What is Christianity Really?

What is Christianity Really?
What is Christianity Really?

Growing up in the South as a Roman Catholic, I was told more than once that I wasn’t really a Christian. I never fully understood why that was said to me, only that it was. I even had a teacher tell me that once. It became one of those things I learned to explain at a young age—the history, the differences, the reasons people believed that.

Looking back, it’s something I should have never been expected to explain at all.

Today, I am no longer a practicing Catholic. I simply consider myself a Christian. I don’t lean toward any one denomination, and a lot of that comes from years of being hurt, not just by the church itself, but by people who called themselves Christians and still managed to cut deeply with their words and actions.

If you were to search for a definition of Christianity, you would find countless answers. Different explanations. Different interpretations. Different emphases.

But at its most basic level, this is what I was taught—and what I still believe:

To be a Christian is to believe in Jesus.
To believe that He came, lived as a man, was crucified, buried, and rose again on the third day.

Everything else builds from there.

Christianity began as a sect within Judaism after the death of Jesus, as His disciples spread His teachings.
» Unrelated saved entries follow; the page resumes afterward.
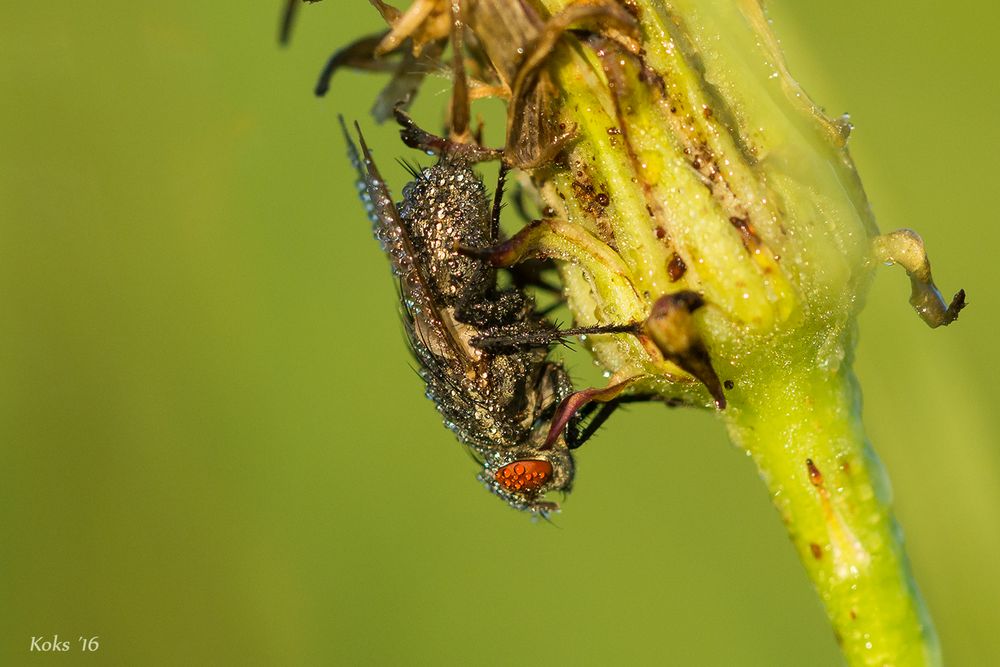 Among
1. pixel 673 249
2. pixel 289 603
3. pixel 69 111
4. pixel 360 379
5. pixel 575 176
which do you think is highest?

Over time, as Gentiles were included, it began to separate. By the second century, that divide had taken shape, and by the fifth century, different branches had formed into what we now know as the Church of the East, Oriental Orthodoxy, Eastern Orthodoxy, and the Catholic Church.

Centuries later, during the Reformation, Protestantism emerged, leading to even more denominations. Today, Christianity is often grouped into three main branches: Catholicism, Protestantism, and Eastern Orthodoxy, along with other smaller traditions.

But at the core, all of it comes from the same place.

The same teachings.
The same beginning.

The differences came later—through interpretation, through disagreement, through people trying to understand and apply those teachings in different ways. Does that make one right and another wrong? That’s not for me to decide.

I left the Catholic Church for my own reasons—not because it was bad or wrong, but because it was no longer where I felt I needed to be.

I’ve attended other churches since then. Some felt welcoming. Others didn’t. There were places where I left feeling encouraged, and places where I left feeling more hurt than when I walked in.

In the end, I chose a church that fit me, not in the sense of comfort, but in the way it challenged me. A place where the message made me stop and think. Made me want to learn more.

A place that wasn’t focused on appearances or expectations, but on God.

A place where people checked in, not out of curiosity or gossip, but out of care. Where it was okay to admit I didn’t have everything figured out. Where it was okay to ask questions. Where it was okay to feel lost. Because the truth is, I think a lot of us feel that way more often than we admit.

Christianity, at its core, was never meant to be complicated.

It was meant to be about faith.
About believing.
About following Jesus.

Somewhere along the way, people added layers to it. Expectations. Divisions. Rules that sometimes made it harder to come to God instead of easier.

And for some, church became a place to avoid instead of a place to run toward.

But I don’t believe that’s what it was ever meant to be.